In reliance upon Albertsons, Inc., supra, and Trujillo
v. Industrial Commission, 648 P.2d 1094 (Colo.App.1982), the
Panel determined that "neglect" by a party's representative who
fails timely to file a response is a "factor outside the party's
control" for purposes of determining good cause under Regulation
12.1.8. The Panel further decided, pursuant to Albertsons,
that such neglect is dispositive of the issue of good cause. It also
ruled that the "nature" of the representative's "neglect" is a
pertinent factor and concluded that the nature of claimant's
counsel's neglect here could not establish good cause, again basing
its determination on Albertsons.
We do not read Albertsons so restrictively. We agree with
the Panel that Trujillo and Albertsons stand for the
proposition that "neglect" by a party's representative is a "factor
outside the party's control which prevented timely action" for
purposes of determining good cause under Regulation 12.1.8. However,
we do not agree that Albertsons should be interpreted to hold
that such neglect, in and of itself, is dispositive of the issue of
good cause. Rather, we read Albertsons to state that such
"neglect" is only one of the factors to be considered pursuant to
the regulation in determining good cause.

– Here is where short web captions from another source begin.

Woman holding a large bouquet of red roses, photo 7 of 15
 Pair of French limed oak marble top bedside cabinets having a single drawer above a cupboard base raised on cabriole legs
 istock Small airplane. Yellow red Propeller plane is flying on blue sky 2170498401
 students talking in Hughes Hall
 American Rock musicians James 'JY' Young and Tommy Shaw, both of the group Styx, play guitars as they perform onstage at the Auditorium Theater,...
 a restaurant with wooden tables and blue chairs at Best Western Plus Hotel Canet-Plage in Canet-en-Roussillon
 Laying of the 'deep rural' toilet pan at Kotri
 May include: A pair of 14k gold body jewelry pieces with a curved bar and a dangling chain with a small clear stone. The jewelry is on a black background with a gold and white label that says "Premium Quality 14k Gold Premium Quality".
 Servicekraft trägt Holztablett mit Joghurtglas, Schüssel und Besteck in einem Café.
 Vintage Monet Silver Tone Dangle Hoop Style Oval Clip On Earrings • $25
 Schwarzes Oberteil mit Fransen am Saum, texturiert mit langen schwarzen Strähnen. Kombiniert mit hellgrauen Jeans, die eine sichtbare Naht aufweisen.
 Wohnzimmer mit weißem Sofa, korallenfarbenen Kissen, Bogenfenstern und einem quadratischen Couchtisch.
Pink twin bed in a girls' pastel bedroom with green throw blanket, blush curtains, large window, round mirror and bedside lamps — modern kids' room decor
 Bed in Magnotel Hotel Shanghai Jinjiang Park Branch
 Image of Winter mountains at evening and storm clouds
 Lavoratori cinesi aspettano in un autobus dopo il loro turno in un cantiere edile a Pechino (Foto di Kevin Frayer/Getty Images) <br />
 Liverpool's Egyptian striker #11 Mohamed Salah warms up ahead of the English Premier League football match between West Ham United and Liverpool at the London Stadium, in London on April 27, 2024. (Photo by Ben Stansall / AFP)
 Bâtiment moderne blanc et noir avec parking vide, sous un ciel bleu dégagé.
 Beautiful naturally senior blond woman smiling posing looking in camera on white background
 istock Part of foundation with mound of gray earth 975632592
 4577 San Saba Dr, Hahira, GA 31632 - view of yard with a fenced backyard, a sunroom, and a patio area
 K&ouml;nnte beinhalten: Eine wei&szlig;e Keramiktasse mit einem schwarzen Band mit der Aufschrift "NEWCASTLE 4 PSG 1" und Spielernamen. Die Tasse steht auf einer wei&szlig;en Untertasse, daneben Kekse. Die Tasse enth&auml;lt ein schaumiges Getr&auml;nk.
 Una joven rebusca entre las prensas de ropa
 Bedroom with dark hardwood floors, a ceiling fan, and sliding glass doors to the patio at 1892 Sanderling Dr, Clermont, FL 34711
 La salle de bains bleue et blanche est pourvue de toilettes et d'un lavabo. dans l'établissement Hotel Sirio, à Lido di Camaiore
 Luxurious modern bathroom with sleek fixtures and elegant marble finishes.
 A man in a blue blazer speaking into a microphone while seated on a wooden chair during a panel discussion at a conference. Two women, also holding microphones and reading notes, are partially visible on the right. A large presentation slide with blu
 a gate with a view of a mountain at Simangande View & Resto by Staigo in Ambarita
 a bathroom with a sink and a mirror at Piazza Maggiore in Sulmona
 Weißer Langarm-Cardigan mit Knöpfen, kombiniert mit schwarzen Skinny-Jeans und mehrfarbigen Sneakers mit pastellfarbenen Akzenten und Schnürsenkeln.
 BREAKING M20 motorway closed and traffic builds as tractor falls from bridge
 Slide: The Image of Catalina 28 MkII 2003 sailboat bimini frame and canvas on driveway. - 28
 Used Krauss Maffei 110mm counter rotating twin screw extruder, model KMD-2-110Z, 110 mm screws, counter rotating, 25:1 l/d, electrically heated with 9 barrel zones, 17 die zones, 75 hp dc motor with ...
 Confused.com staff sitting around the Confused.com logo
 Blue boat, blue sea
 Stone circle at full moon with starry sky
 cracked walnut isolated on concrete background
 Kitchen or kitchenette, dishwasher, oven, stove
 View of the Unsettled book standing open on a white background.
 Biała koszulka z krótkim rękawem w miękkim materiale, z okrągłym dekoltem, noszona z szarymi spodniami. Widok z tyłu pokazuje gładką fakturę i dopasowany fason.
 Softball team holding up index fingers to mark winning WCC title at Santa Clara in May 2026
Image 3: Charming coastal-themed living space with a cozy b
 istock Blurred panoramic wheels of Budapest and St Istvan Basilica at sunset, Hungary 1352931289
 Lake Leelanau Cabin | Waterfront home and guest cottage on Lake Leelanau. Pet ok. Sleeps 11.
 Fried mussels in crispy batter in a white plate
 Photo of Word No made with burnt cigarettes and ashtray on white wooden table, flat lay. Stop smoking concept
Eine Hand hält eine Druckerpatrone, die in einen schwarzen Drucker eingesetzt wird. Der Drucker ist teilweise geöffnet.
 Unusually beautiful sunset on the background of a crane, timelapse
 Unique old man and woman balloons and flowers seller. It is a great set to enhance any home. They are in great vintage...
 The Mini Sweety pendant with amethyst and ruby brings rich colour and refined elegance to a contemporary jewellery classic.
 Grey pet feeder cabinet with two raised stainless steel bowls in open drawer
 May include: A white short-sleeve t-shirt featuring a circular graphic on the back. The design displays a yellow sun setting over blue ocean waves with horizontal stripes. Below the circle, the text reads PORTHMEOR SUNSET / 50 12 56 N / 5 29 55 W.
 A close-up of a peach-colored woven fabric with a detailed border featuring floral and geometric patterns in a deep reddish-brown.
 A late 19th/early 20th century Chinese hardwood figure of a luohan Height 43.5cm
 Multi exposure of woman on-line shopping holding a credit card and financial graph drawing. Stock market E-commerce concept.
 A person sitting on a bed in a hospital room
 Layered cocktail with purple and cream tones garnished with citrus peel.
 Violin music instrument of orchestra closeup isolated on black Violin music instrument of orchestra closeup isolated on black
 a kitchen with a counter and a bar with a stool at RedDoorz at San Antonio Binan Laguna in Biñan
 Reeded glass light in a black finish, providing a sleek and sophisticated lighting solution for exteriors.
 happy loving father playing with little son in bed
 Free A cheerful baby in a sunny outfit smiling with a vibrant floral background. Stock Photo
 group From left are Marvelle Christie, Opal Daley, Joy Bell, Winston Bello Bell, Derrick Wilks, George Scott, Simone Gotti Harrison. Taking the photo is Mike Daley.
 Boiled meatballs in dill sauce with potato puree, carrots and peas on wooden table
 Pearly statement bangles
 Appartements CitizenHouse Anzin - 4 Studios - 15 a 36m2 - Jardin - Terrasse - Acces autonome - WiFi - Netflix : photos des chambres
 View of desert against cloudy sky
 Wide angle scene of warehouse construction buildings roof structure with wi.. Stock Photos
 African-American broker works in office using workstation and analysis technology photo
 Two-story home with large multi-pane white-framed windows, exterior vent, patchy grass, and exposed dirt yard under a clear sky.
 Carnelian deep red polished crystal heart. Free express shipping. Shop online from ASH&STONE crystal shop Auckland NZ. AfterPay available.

Here, the Panel's ruling indicates a reliance on only one factor
among the numerous criteria set forth in the regulation. This was
error.
The order of the Panel is set aside. The cause is remanded to the
Panel for a new determination of good cause premised on
consideration of all the factors set forth in Regulation 12.1.8 and
the views expressed herein.
Metzger and Davidson, JJ., concur.
* Prior Opinion announced April 1, 1993 was
withdrawn. Petition for Rehearing Granted.